Shouldn’t it be great news to these faithful priests and leaders that God is restoring the world, establishing the justice and peace that God promised? Healing what is broken? Righting what is wrong? Reorganizing what has been dis-organized?
Well, that might be where the problem is. See, the current organization has these faithful priests and leaders in a pretty good spot. They are working pretty comfortably with the Roman authorities. If they have any troubles with the people, they just turn over the protestors to the Romans and they make an example of their leader, crucify him. Things have rarely been more predictable. Things are stable with a steady flow of money from the money changers’ fees and the sale of the sacrifices that have been pre-certified ready for sacrifice.
New Testament scholar N.T. Wright asks, “Wouldn’t it be simply great news to know God was alive and well and was providing a wonderful rescue operation through his chosen Messiah? Answer: Not it you were already in power.” He goes on to say, “Peter was saying not only that Jesus himself had been raised, but that this was the start and the sign of God’s eventual restoration of everything.” The resurrection of Jesus was more than him no longer being dead.

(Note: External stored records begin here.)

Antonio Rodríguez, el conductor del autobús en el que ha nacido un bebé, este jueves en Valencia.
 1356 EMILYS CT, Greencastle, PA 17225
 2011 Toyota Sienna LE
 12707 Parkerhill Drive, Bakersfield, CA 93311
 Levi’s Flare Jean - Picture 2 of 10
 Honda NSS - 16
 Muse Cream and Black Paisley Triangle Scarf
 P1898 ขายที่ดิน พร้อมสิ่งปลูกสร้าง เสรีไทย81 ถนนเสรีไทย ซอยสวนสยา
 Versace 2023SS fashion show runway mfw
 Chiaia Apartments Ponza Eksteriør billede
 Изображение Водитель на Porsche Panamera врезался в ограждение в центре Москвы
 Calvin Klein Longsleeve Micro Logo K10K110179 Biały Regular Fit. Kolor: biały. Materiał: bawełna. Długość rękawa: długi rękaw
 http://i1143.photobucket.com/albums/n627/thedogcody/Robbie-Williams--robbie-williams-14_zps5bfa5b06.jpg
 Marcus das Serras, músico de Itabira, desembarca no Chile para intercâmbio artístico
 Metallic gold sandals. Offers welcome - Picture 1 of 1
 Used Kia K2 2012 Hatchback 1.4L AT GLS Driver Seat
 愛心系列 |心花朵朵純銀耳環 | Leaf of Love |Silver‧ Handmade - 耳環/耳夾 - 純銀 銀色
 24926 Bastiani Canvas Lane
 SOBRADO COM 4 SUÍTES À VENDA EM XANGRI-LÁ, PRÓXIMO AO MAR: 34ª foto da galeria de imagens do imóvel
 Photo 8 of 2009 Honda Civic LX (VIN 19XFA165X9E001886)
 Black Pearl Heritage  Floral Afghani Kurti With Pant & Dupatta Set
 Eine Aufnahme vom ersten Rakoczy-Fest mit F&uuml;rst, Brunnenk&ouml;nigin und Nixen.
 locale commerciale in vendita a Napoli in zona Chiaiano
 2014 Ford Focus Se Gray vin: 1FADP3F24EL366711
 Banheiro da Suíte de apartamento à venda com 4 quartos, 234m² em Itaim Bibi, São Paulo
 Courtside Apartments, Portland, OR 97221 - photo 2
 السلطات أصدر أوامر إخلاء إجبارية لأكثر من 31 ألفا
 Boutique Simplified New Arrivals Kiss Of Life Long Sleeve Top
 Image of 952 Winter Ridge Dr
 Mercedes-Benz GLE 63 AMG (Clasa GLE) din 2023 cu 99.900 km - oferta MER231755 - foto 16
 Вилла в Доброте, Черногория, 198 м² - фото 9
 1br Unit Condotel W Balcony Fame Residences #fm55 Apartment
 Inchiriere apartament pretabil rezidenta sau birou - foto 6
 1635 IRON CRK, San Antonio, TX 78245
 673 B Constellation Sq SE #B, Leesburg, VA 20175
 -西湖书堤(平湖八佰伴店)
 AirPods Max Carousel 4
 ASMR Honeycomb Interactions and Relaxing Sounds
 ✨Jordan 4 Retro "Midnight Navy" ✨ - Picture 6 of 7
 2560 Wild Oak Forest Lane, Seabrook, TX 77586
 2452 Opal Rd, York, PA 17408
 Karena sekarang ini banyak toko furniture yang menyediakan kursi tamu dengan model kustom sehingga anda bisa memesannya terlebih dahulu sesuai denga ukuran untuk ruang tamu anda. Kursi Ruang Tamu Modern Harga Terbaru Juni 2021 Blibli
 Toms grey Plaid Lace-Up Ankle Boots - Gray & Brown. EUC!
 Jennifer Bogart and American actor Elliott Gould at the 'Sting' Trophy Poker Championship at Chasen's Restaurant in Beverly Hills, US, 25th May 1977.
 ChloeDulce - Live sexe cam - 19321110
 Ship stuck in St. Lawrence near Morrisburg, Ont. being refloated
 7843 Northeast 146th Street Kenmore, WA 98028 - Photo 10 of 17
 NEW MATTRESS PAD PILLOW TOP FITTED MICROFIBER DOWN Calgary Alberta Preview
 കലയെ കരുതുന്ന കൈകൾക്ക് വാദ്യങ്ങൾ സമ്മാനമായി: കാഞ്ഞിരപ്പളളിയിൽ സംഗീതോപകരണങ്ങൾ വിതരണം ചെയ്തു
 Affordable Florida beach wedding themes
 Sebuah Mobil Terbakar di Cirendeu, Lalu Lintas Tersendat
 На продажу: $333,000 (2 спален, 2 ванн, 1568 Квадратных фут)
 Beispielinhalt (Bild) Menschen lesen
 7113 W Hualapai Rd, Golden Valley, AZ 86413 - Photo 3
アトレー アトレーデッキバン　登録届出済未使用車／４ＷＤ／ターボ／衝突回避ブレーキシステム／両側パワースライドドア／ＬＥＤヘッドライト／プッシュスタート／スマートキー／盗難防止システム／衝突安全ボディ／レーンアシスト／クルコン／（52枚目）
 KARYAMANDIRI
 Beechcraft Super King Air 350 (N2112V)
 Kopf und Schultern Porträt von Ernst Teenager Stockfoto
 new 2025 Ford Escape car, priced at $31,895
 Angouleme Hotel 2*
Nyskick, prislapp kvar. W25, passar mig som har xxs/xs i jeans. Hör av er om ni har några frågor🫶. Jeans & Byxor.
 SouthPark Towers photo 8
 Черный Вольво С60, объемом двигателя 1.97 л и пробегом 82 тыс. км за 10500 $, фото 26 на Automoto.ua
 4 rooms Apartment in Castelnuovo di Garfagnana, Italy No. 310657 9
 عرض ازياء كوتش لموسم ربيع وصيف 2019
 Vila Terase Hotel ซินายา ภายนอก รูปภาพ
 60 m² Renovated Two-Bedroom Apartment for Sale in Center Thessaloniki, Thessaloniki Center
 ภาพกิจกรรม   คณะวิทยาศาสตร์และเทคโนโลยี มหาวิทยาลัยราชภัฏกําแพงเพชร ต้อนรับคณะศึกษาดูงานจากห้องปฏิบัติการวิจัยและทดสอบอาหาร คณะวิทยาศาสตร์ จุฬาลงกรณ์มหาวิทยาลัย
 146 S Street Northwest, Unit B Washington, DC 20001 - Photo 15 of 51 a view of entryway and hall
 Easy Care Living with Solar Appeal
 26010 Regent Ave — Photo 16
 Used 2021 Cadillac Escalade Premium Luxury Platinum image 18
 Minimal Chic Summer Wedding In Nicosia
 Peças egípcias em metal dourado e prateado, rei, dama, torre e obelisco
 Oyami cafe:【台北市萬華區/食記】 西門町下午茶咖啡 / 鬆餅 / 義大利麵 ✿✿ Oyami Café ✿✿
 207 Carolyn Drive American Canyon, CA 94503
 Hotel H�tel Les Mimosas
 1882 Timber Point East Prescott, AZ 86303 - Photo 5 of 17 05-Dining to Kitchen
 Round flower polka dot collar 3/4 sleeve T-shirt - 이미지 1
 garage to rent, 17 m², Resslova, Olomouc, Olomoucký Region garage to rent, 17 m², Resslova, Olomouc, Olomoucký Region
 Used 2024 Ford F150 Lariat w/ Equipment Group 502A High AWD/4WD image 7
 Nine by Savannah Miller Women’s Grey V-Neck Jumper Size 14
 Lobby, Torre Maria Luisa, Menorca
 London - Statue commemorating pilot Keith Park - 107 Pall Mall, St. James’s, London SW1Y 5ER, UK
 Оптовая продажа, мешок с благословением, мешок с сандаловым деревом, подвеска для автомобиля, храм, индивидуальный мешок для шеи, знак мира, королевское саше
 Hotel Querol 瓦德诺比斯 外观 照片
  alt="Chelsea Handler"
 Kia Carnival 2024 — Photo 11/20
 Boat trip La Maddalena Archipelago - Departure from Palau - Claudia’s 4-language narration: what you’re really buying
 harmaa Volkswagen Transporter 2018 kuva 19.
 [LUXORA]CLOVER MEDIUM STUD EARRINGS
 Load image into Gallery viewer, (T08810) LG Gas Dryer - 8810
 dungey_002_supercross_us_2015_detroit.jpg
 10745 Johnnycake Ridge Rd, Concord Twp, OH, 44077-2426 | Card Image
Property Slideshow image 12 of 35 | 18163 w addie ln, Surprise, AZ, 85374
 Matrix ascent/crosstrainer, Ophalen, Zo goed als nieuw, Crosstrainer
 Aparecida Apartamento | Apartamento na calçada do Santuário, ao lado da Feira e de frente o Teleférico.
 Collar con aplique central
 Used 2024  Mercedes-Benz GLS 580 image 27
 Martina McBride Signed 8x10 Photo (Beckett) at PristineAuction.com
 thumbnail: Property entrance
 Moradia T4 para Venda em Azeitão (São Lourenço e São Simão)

It was a radical declaration that the status quo, the powers of earth and on earth, are under God’s power and God is going to put everything right once and for all.
It isn’t that they were bad people. They just didn’t want to give up their way of life – being in control, deciding what was right and wrong for themselves and for everybody else – it worked for them. Tom Long, a Presbyterian pastor and professor of preaching at Emory, points out that “Whenever political or religious authorities set themselves up as the only legitimate broker of what people need and defend that authority, inevitably, the Holy Spirit breaks down those structures.”
The good news of the resurrection of Jesus was more than that Jesus was no longer in the tomb. The resurrection of Jesus completely changed life. United Methodist Bishop and scholar, William Willimon suggests that “The most eloquent testimony to the reality of the resurrection is not an empty tomb or a well-orchestrated pageant on Easter Sunday but rather a group of people whose life together is so radically different, so completely changed from the way the world builds community, that there can be no explanation other than that something decisive has happened in history.”
The call to discipleship is a call to live a radically different life from the way the world works. To radically not just reach across barriers, but to take them down, and the place to start is with ourselves. I invite you this week to take some time to be quiet and really reflect on whether your life is more like an apostle or a temple authority. Both mean to be faithful to God, to honor God. One, though, reaches out to the outcast, the one who is not to come into the temple and says, “In the name of Jesus Christ, these barriers are gone.” And the other asks, “Who said you could do that?”